The world-renowned physicist was named "Supreme Winner" at the awards ceremony in Auckland last night, which celebrates "innovators and entrepreneurs who have made significant contributions to the country's growth and development".
Sir Paul, who performed groundbreaking work in the field of nanotechnology and magnetic resonance, was a founding director of the MacDiarmid Institute and received a knighthood in 2009 for his services for science.
Last year he won the Prime Minister's Science Prize and the Gunther Laukien Prize, and was named the 2011 New Zealander of the Year.
The awards last night praised Sir Paul's "exceptional leadership" as both a scientist and an administrator.
"Sir Paul's exceptional talents were an asset for New Zealand and his consistent commitment to connecting science with business to widen the country's economic growth was truly admirable," said John Stace, chairman of the judging panel.
Sir Paul was an outspoken critic of the Government's plan to grow New Zealand's economy and told the Herald before his death that New Zealand chooses to be poor.
"The choice is as simple and as stark as this: New Zealanders like to work in low-wage activities," he said last year.
"Tourism is a classic example.
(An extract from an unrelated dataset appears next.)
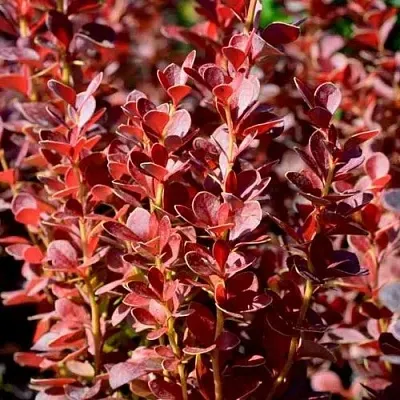 Барбарис ВУЛКАНО тунберга  Барбарис ВУЛКАНО тунберга в Саратове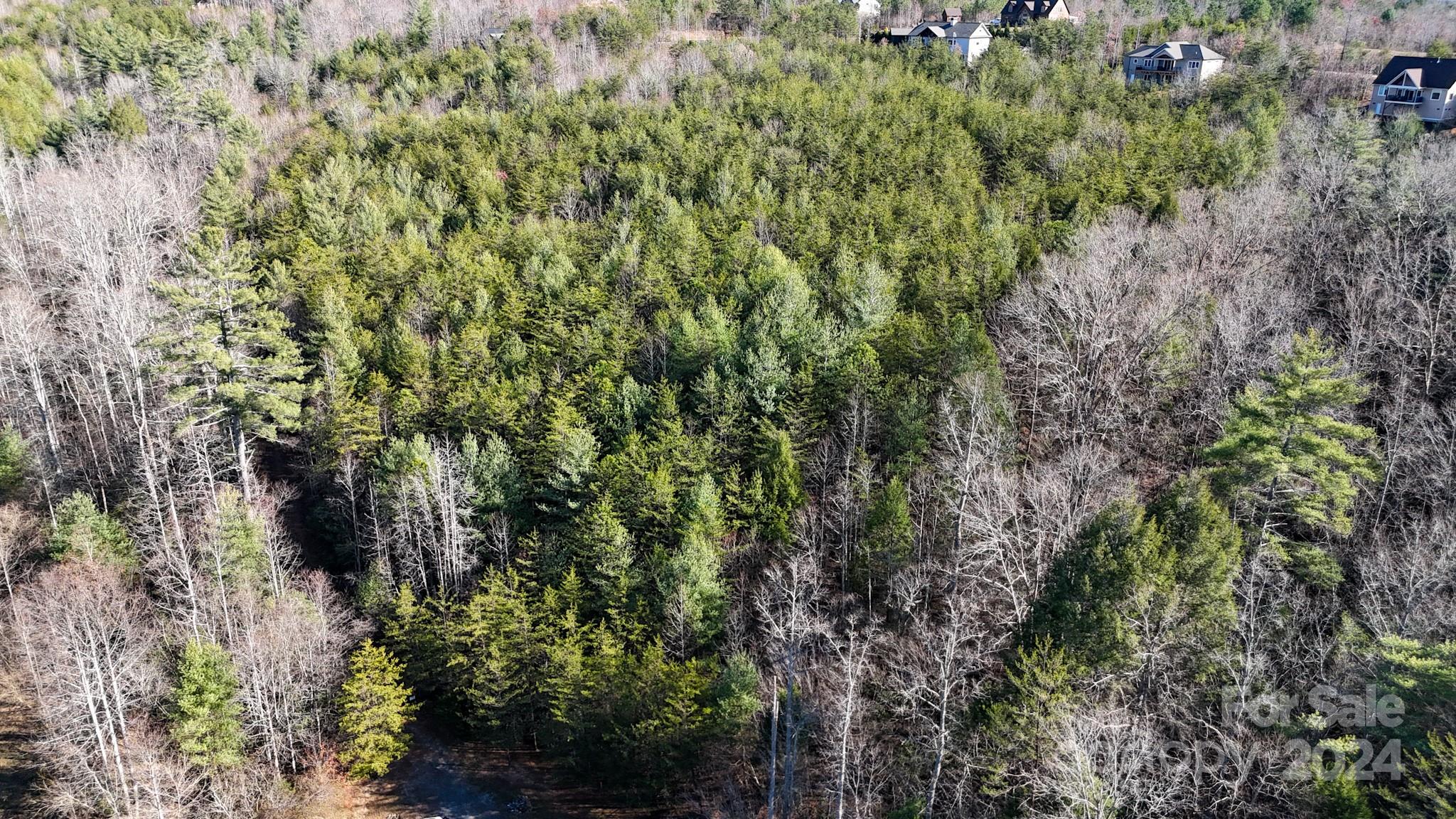 00 Low Country Road 909 Property Photo 10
Or people thinking about growing wine and look it's great, it's a nice lifestyle, but frankly, the revenue per job is poor."
He contended that governments, regardless of who was in power, gave research funding to low-performing industries.
As well as more directed and focused government research and development spending, he said, more young people needed to be steered towards high-value industries.
"The model for kids at the moment is if you're bright you become a doctor or a lawyer or something like that and if you're a doctor you leave the country."
Sir Paul, a Victoria University BSc Honours and Oxford University PhD graduate, was a fellow of two royal societies and two institutes of physics.
He received seven medals and published more than 240 scientific papers and a book. He was also co-founder of Magritek, a high-tech start-up company.
Others recognised at last night's awards included Dame Kiri Te Kanawa, Sir Graeme Douglas, Ian Taylor, Peter Watson, David Kirk, Jeremy Moon, Tony Falkenstein and Malcolm Grant.